No worries, also just thinking out loud here. 

Just as a point of interest, I used pliers on my Nautilus to get it open when it got stuck. Might be able to do the same here?

Reactions: Winner 1


----------



## huffnpuff (7/5/15)

Quick tip, to avoid this from happening again, always clean both threads properly of mod and atomizer before screwing on.

Reactions: Agree 1 | Informative 1


----------



## CYB3R N1NJ4 (7/5/15)

Latex gloves have always worked for me. The guys laughed when they saw it in my vape box... until THEY needed it!


----------



## ashTZA (7/5/15)

this happens to me all the time when my paragon midnight edition is paired with a lemo drop. (and is currently the case... I just tried)
The two do not like to part each others company.

a long nose pliers does the trick for me though.


----------



## Waheed (7/5/15)

The hot and cold method may not necessarily crack the glass since Pyrex should withstand rapid temp changes. Or am I wrong?


----------



## johan (7/5/15)

If its indeed Pyrex (aka borosilicate glass), I agree with @Waheed, it can handle rapid temperature changes.

Reactions: Agree 1 | Informative 1


----------



## Xhale (7/5/15)

metal expands when hot..but how much?
1 thousand of an inch, per inch of metal, per 100deg fahrenheit. (steel used as an example)

here's an idea.

(a trusted youtuber..not some life-hack click baiting wannabee) Pls watch the whole video, it involves water and rags

Reactions: Like 3 | Winner 1


----------



## baksteen8168 (7/5/15)

Waheed said:


> The hot and cold method may not necessarily crack the glass since Pyrex should withstand rapid temp changes. Or am I wrong?
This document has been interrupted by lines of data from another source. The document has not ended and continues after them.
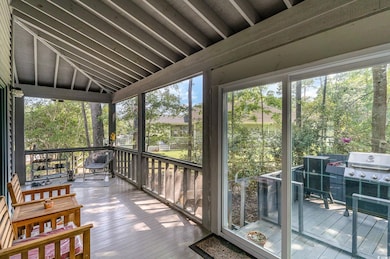 Sunroom / solarium with vaulted ceiling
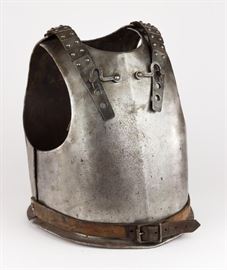 Authentic 18th Century Plate steel European cuirass, constructed of a separate breastplate and backplate, with the latter attached to the former by means of an adjustable leather strap at each shoulder, protected by riveted steel plates, and with an adjustable leather waist belt. The inside of the backplate bears a large numeral “7”, likely an old auction or collector”s accession number. Likely German Armor. The use of the cuirass as a military accoutrement has an extremely long history, from ancient Greek and Roman times all the way through to use by German and French heavy cavalry up to the beginning of World War I. Based on this example’s use of machine-made rivets and buckles, we believe this armor to date from the 18th Century. The steel shows minor surface oxidation overall, with no active rust apparent, and the leather belts shows minor wear but remain supple, else very good. 
Dimensions: 28" x 24" x 19" 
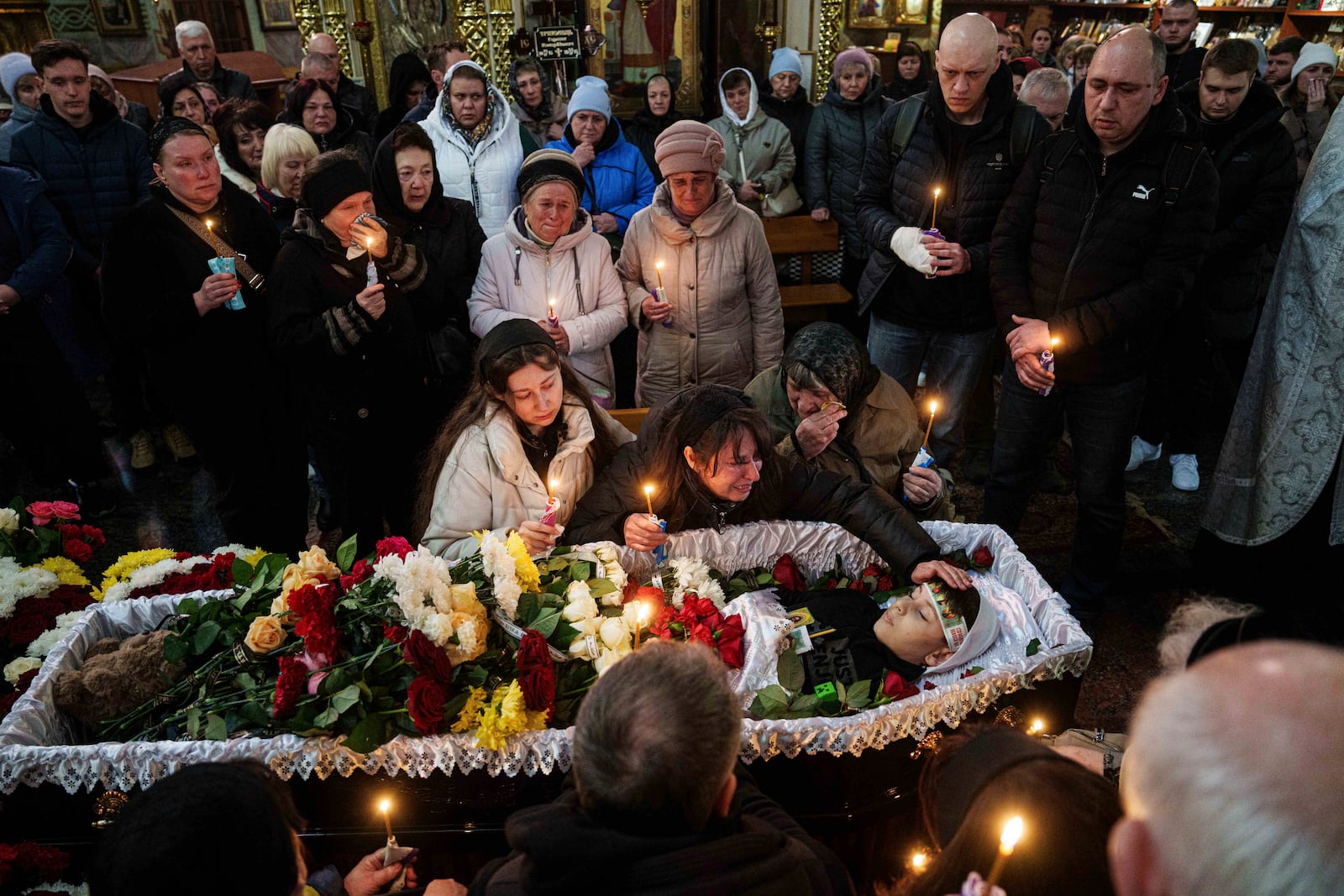 FILE- A mother cries over the coffin of her son Herman Tripolets, 9, killed by a Russian missile, during a funeral ceremony in Kryvyi Rih, Ukraine, April 7, 2025. (AP Photo/Evgeniy Maloletka, File)
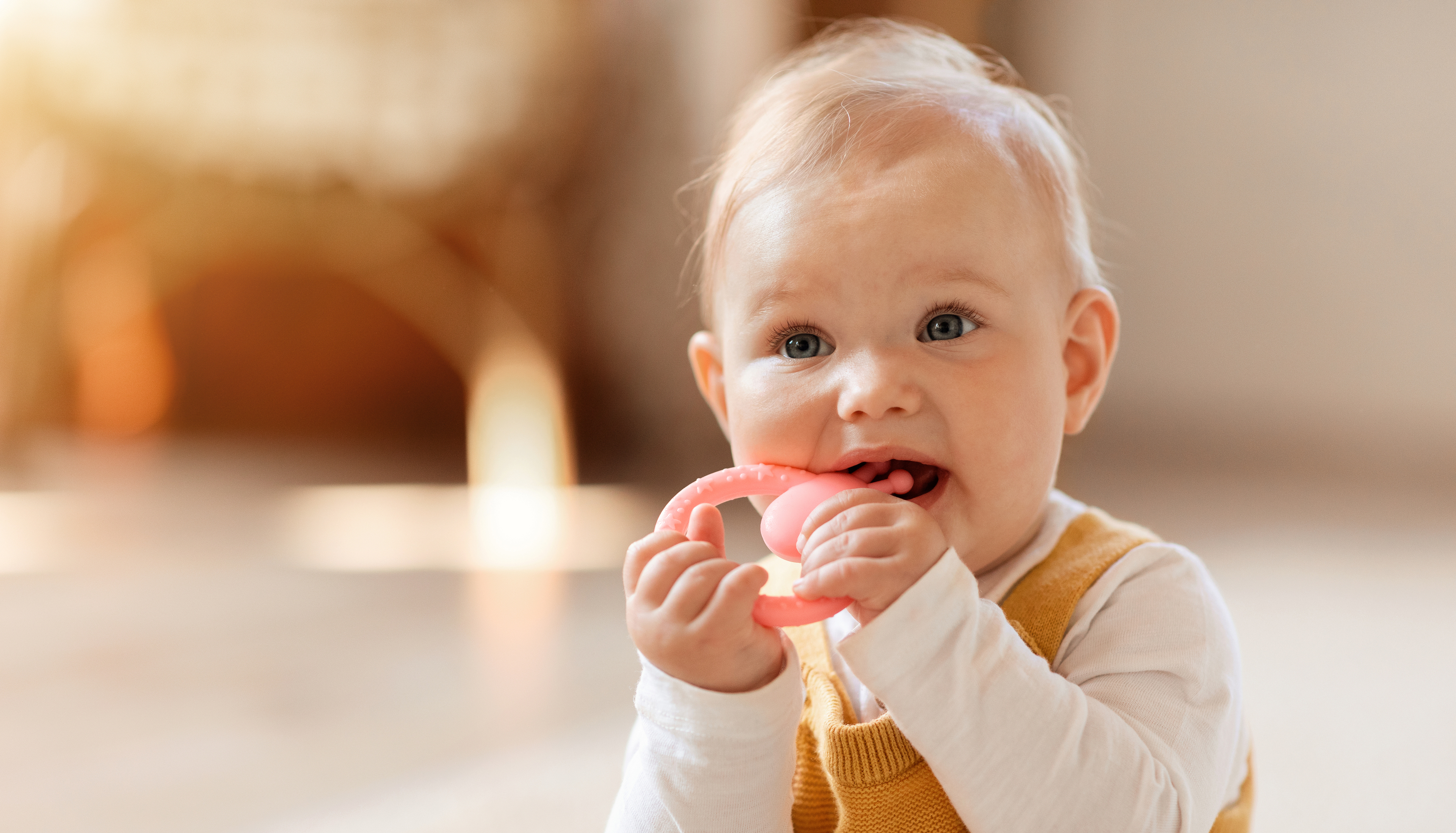 Baby chewing a teething ring at home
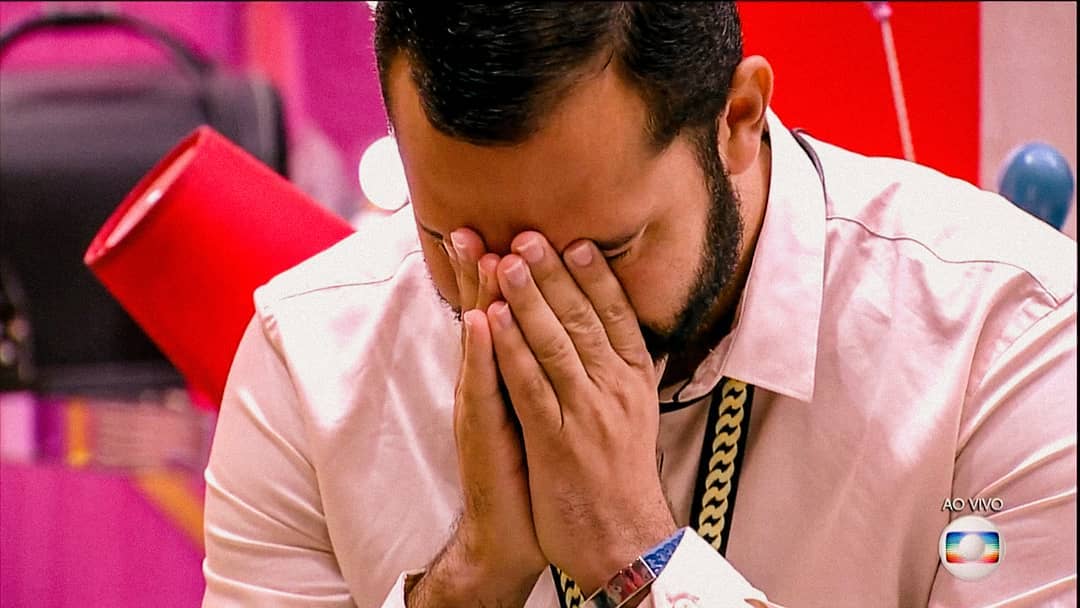 Gilberto aparece com as duas mãos no rosto, com a expressão de preocupação.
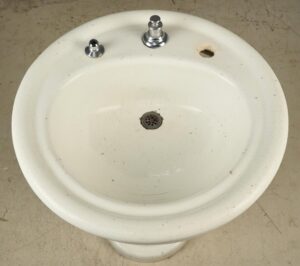 Vintage Art Deco white ceramic pedestal sink with two faucet openings, a drain, and surface wear.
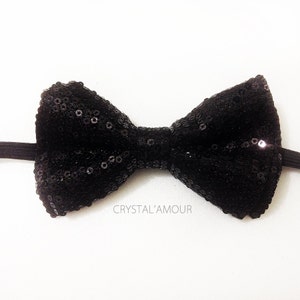 May include: A black bow tie made of sequins. The bow tie is tied with a black elastic band.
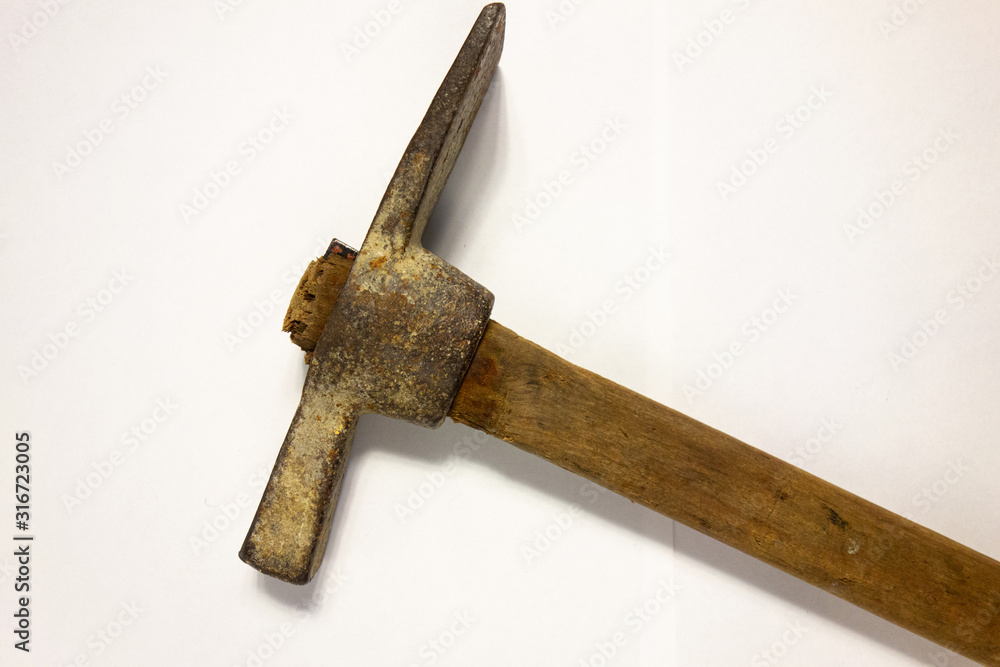 Miner hammer like pickaxe or mattock on white isolated background with  shadow. Closeup view of rustic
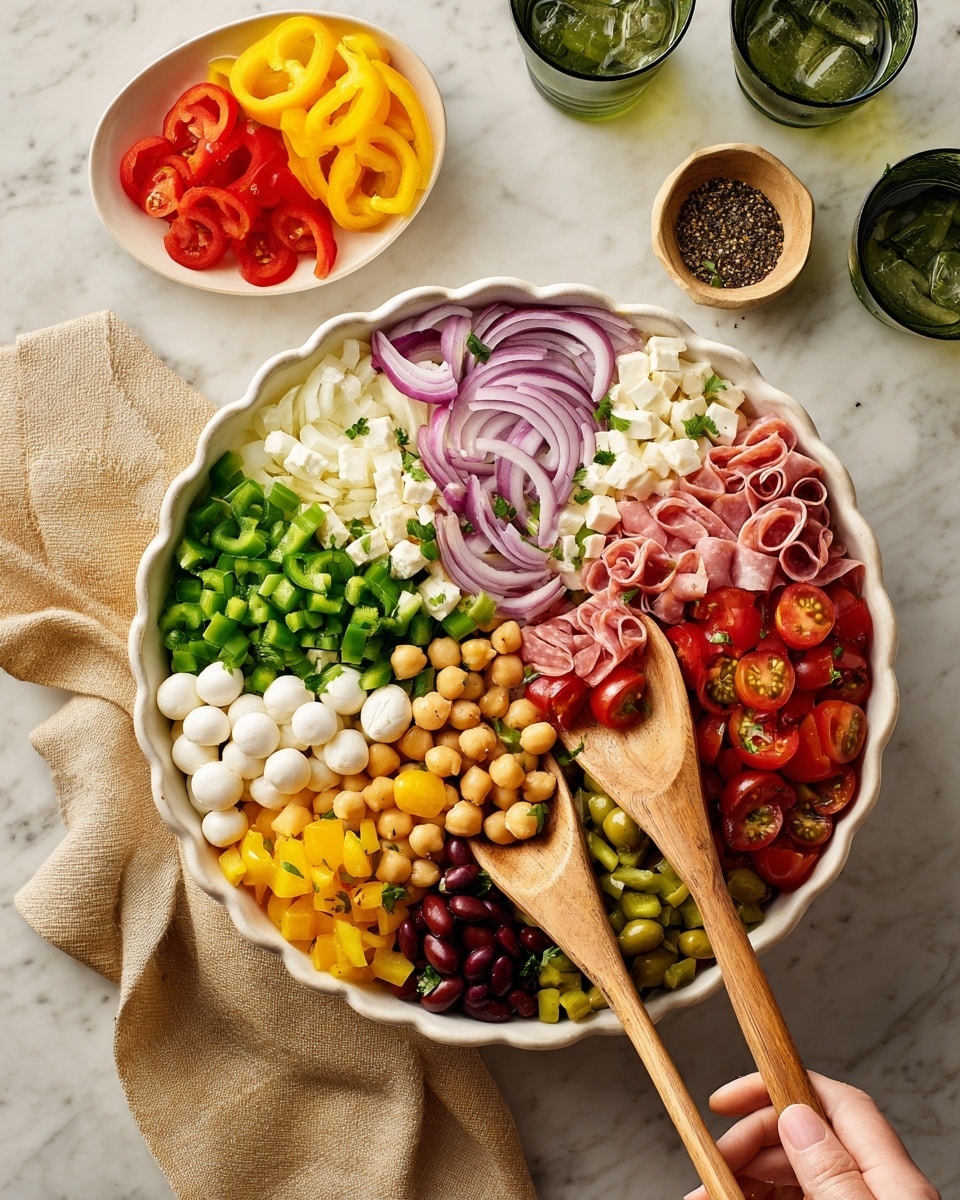 A large white scalloped bowl filled with a vibrant mix of salad ingredients is being tossed with two wooden spoons held by a woman's hand at the bottom right. The salad has distinct layers including sliced red onions with a smooth texture, bright green chopped bell peppers, red kidney beans with a shiny surface, beige chickpeas, small white mozzarella balls with a soft look, chopped cherry tomatoes with a glistening cut surface, and thin strips of pink and red deli meats scattered across the top. The bowl sits on a white marbled surface, with a beige cloth to the bottom left, a small white bowl of sliced yellow and red peppers above, and a small white dish of black pepper to the right. Two green and black glasses with ice rest near the top left. Photo taken with an iphone --ar 4:5 --v 7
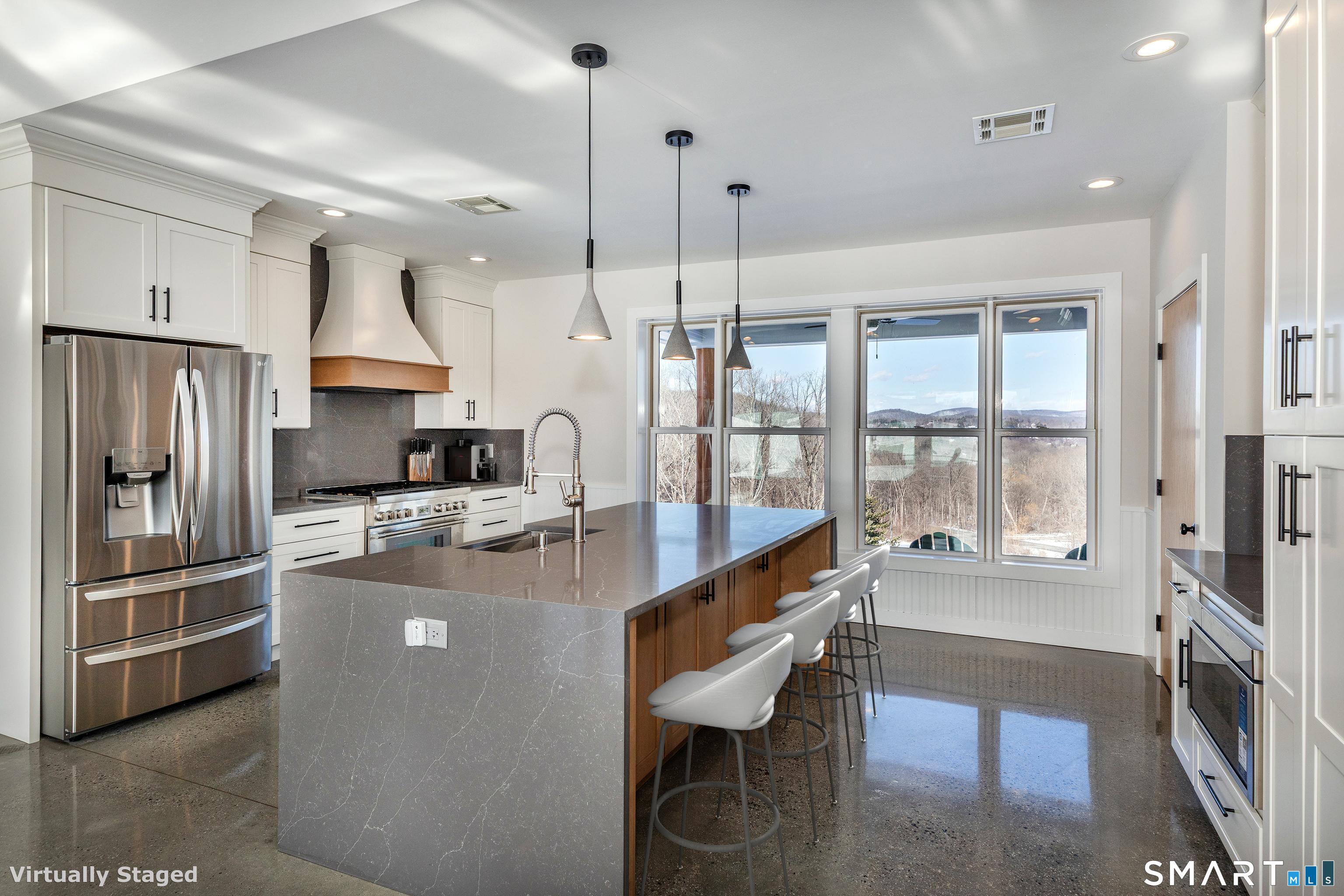 105 Highway 39 Sherman, CT 06784 - Photo 13 of 39 a kitchen with kitchen island a large counter top space a sink stainless steel appliances and cabinets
Don't know, hence the reason I asked.


----------



## baksteen8168 (7/5/15)

johan said:


> If its indeed Pyrex (aka borosilicate glass), I agree with @Waheed, it can handle rapid temperature changes.


Thanks @johan - You learn something new every day

Reactions: Agree 1


----------



## RipeAvo (7/5/15)

thanks guys. I tried the freezer and latex gloves didnt seem to work.

tbh i dont care about the tank at all it was only R100.

Next step, heat and pliers...
Will keep you posted!


----------



## Alex (7/5/15)

RipeAvo said:


> thanks guys. I tried the freezer and latex gloves didnt seem to work.
> 
> tbh i dont care about the tank at all it was only R100.
> 
> ...



5 pound hammer

Reactions: Like 1 | Funny 2


----------



## baksteen8168 (7/5/15)

Alex said:


> 5 pound hammer


Too light...  

Sent from my Samsung Galaxy S6 Edge while getting lost in Vaping Nirvana. Life is good.


----------



## Waheed (7/5/15)

Damn man. Were you vaping glue!

Reactions: Funny 2


----------



## RipeAvo (8/5/15)

Apparently...

Now its turning into a weapon and slicing through everything. Got some rubber gloves, cut right through them and sliced a few hands.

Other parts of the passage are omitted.